Im Ergebnis zu Recht hat das Nachlassgericht entschieden, dass die Beteiligten zu 1 und 2 nach dem Erbvertrag vom 7.5.1991 nicht zu je ½ als Erben eingesetzt worden sind.
Aufgrund des Erbvertrages sind – zunächst – die Beteiligten zu 1–3 zu gleichen Teilen zu Erben berufen worden. Richtig ist, dass der Beteiligte zu 3 infolge seines Zuwendungsverzichts im notariellen Vertrag vom 13.10.1995 als Erbe ausscheidet. Die Wirkung des Zuwendungsverzichts erstreckt sich jedoch nicht – wie das Nachlassgericht mit Recht ausgeführt hat – auf die Beteiligten zu 4 und 5.
Zwar erstreckt sich in Erbfällen nach dem 1.1.2010 die Wirkung eines Zuwendungsverzichts grundsätzlich auch auf die Abkömmlinge des Verzichtenden, §§ 2352 S. 3, 2349 BGB, und zwar auch dann, wenn der Zuwendungsverzicht vor dem 1.1.2010 vereinbart worden ist (vgl. Staudinger/Schotten, BGB, Neubearbeitung 2016, § 2352 Rn 45).

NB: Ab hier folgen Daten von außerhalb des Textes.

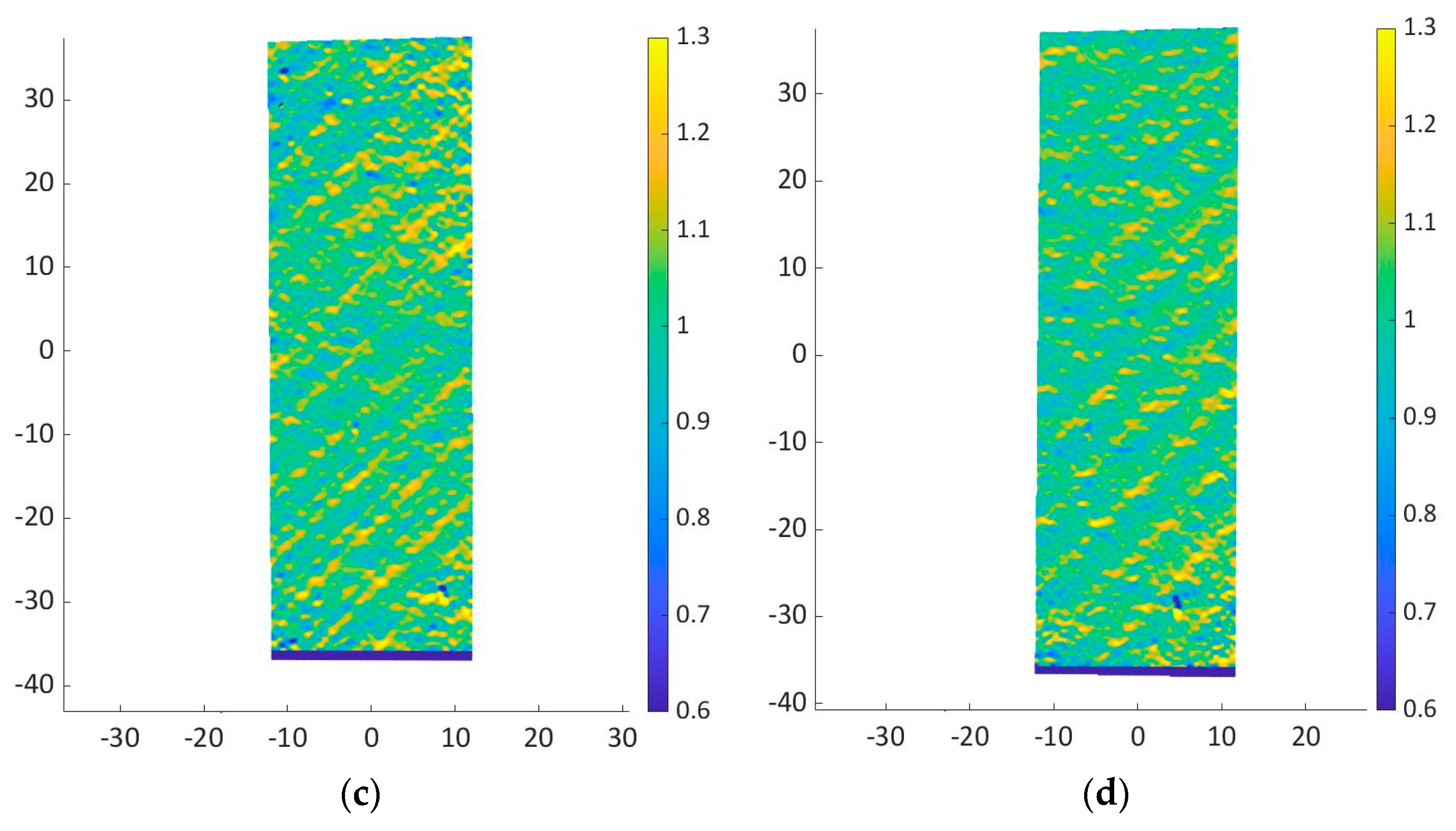 Materials 16 01601 g009b 550
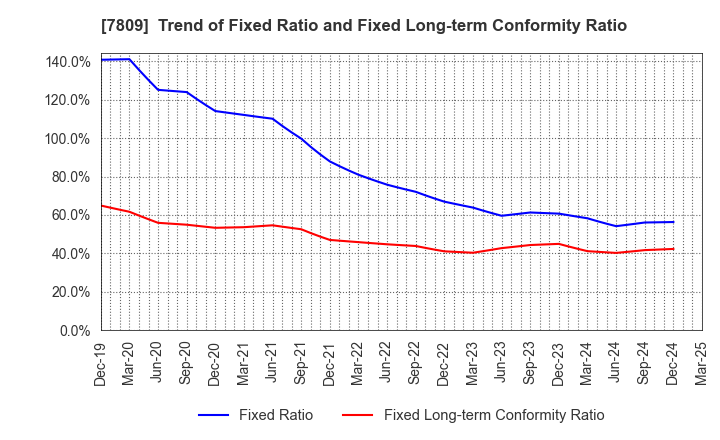 7809 KOTOBUKIYA CO.,LTD.: Trend of Fixed Ratio and Fixed Long-term Conformity Ratio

Dies gilt allerdings nur, soweit nicht ein anderes bestimmt ist, § 2349 2. HS BGB. Fehlt im Vertrag über den Zuwendungsverzicht jeglicher Hinweis darauf, dass sich die Wirkung des Verzichts nicht auf die Abkömmlinge erstrecken soll, bleibt regelmäßig für eine anderweitige Auslegung kein Raum (ders., aaO, Rn 46).
Etwas anderes muss allerdings für die Fälle gelten, in denen sich – wie hier – aus dem Inhalt der Urkunde ergibt, dass die Vertragsparteien bei Vertragsabschluss – z. B. aufgrund einer entsprechenden notariellen Belehrung, die in der Urkunde ihren Niederschlag gefunden hat – davon ausgegangen sind, dass sich der Zuwendungsverzicht nicht auf die Abkömmlinge des Verzichtenden erstrecke. In solchen Fällen wird eine auf den Inhalt der Urkunde gestützte Auslegung des Willens der Beteiligten in der Regel dazu führen, dass die Vertragsparteien diese Rechtsfolge – möglicherweise auch notgedrungen – in ihren Willen aufgenommen haben – anderenfalls hätten sie den Zuwendungsverzicht nicht vereinbaren dürfen – und dadurch die Erstreckung der Wirkung des Zuwendungsverzichts auf die Abkömmlinge des Verzichtenden ausgeschlossen wurde (ders., aaO, mwN; Litzenburger in Beck’scher online-Kommentar BGB, Stand 1.5.2016, § 2352, Rn 22 mN; OLG Schleswig NJW-RR 2014, 1356; Keim, Anm. zu OLG Schleswig, ZEV 2014, 428 ff).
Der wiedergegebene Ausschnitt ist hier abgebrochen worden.